[ This article was first published in the February, 2006, issue of
Larry’s Final Cut Pro Newsletter. Click here to subscribe. ]
Here’s an interesting problem I ran into recently for a broadcast client. They were doing a lot of chroma-key work, using DVCPro-50 as their source video, and all their keys had a very soft focus.
In looking at the problem, I realized they were the victim of interlacing. The fix was simple, but not intuitive.
Here’s the issue. All Standard Definition (SD) video is interlaced for broadcast. And, unless you are specifically shooting DV footage in progressive mode, all DV footage is interlaced as well.
Interlacing means that first all the even lines are displayed on the screen, then all the odd lines. Final Cut hides this from you by displaying all lines at the same time — which is why, sometimes, it looks like there are thin horizontal lines running out from the edges of moving objects when you view fast-moving images on your computer screen.
However, even though the computer displays video progressively, the interlacing is still there.
The problem my client experienced happened when they repositioned the key source on V2 (the anchor on a blue screen) against a highly animated background on V1. In doing so, they put all the even scan lines on top of the odd scan lines. This created a weird interlacing conflict that caused the image on V2 to get blurry.

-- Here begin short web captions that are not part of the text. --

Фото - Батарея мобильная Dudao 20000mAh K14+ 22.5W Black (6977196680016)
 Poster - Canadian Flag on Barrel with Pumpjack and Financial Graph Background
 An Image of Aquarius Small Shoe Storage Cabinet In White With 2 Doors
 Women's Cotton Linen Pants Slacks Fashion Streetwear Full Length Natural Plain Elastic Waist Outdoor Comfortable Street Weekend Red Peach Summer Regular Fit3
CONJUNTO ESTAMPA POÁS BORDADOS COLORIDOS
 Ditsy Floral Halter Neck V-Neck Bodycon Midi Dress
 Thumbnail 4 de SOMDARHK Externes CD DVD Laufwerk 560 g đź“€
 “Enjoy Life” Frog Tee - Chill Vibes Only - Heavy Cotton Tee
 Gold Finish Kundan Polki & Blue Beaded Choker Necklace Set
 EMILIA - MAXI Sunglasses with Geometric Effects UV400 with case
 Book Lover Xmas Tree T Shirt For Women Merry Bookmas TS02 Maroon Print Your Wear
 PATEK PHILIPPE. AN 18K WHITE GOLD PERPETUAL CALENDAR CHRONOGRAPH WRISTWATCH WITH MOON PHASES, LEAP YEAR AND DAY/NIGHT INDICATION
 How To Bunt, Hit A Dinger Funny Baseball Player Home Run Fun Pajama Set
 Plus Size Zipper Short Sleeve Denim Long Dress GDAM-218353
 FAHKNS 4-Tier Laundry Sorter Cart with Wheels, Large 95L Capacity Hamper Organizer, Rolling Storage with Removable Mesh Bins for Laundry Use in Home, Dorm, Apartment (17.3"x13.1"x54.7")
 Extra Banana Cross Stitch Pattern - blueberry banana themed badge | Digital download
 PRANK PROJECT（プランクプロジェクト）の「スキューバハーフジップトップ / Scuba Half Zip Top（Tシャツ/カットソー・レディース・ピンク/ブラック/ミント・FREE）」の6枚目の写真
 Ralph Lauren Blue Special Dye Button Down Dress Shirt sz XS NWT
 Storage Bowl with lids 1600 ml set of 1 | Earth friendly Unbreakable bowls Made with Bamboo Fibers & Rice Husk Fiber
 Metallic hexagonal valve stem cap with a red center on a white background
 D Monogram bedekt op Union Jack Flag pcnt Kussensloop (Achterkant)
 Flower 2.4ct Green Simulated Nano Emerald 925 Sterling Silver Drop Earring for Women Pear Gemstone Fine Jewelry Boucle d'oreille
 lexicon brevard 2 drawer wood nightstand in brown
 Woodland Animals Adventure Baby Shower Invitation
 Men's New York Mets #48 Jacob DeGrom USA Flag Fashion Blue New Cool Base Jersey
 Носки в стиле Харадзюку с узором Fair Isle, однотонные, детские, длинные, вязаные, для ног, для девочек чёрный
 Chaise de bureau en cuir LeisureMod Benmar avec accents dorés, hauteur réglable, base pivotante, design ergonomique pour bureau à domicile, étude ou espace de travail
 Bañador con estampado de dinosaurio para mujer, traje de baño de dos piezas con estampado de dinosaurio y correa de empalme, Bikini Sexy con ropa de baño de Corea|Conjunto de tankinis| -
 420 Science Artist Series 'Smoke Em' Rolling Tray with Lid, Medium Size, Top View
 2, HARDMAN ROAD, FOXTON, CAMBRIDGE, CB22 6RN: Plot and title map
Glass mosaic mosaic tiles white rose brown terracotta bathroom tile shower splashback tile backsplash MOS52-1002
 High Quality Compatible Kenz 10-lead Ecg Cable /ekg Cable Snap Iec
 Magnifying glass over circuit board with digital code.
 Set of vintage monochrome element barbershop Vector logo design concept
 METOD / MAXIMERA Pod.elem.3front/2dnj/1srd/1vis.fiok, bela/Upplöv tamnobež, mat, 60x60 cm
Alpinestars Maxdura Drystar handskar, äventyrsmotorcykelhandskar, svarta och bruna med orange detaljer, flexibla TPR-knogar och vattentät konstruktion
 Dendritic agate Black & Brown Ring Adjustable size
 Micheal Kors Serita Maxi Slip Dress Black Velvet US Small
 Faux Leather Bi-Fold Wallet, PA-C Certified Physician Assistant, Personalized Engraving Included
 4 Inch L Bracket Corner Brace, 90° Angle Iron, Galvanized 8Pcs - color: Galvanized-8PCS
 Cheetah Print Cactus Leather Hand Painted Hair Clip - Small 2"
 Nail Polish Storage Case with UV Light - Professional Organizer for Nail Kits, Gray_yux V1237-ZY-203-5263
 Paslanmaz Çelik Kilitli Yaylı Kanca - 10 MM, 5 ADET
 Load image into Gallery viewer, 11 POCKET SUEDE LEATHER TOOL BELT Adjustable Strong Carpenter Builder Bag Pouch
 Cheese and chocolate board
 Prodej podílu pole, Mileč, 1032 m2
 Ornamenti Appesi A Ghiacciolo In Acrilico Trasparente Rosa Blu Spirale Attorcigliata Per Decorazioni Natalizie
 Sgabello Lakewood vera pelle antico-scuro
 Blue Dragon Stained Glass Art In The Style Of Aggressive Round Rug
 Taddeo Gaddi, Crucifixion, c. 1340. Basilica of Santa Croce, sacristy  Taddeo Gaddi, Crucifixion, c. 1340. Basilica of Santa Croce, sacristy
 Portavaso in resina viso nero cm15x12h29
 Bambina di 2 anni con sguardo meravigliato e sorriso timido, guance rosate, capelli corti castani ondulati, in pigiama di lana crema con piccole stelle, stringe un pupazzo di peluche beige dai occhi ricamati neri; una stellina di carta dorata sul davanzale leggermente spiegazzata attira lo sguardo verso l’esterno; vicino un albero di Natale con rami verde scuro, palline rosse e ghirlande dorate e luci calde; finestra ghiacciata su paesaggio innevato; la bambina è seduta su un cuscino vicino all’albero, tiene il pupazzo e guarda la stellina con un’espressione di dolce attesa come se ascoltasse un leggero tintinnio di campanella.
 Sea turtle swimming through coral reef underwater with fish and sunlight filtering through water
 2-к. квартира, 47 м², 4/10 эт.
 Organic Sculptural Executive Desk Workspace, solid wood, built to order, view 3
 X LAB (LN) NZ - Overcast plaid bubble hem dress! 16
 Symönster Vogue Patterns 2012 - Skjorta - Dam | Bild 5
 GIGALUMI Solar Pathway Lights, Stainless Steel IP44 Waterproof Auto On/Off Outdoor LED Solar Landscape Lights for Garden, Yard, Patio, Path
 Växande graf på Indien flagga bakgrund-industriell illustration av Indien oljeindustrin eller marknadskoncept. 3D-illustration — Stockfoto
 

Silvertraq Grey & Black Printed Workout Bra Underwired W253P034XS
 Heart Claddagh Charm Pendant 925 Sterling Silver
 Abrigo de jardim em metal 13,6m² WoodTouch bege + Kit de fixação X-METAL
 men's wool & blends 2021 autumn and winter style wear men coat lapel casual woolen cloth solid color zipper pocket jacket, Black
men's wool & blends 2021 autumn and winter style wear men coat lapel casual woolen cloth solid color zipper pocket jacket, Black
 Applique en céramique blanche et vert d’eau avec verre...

The solution was simple. Make sure, when you are positioning your key source on an upper video track, that you only position it in increments of 2 vertical pixels. You can move images horizontally however you wish. But vertical position needs to move by even pixels.
In the Motion tab, there are two data boxes for the Center parameter. The left hand box controls horizontal position and the right hand box controls vertical position.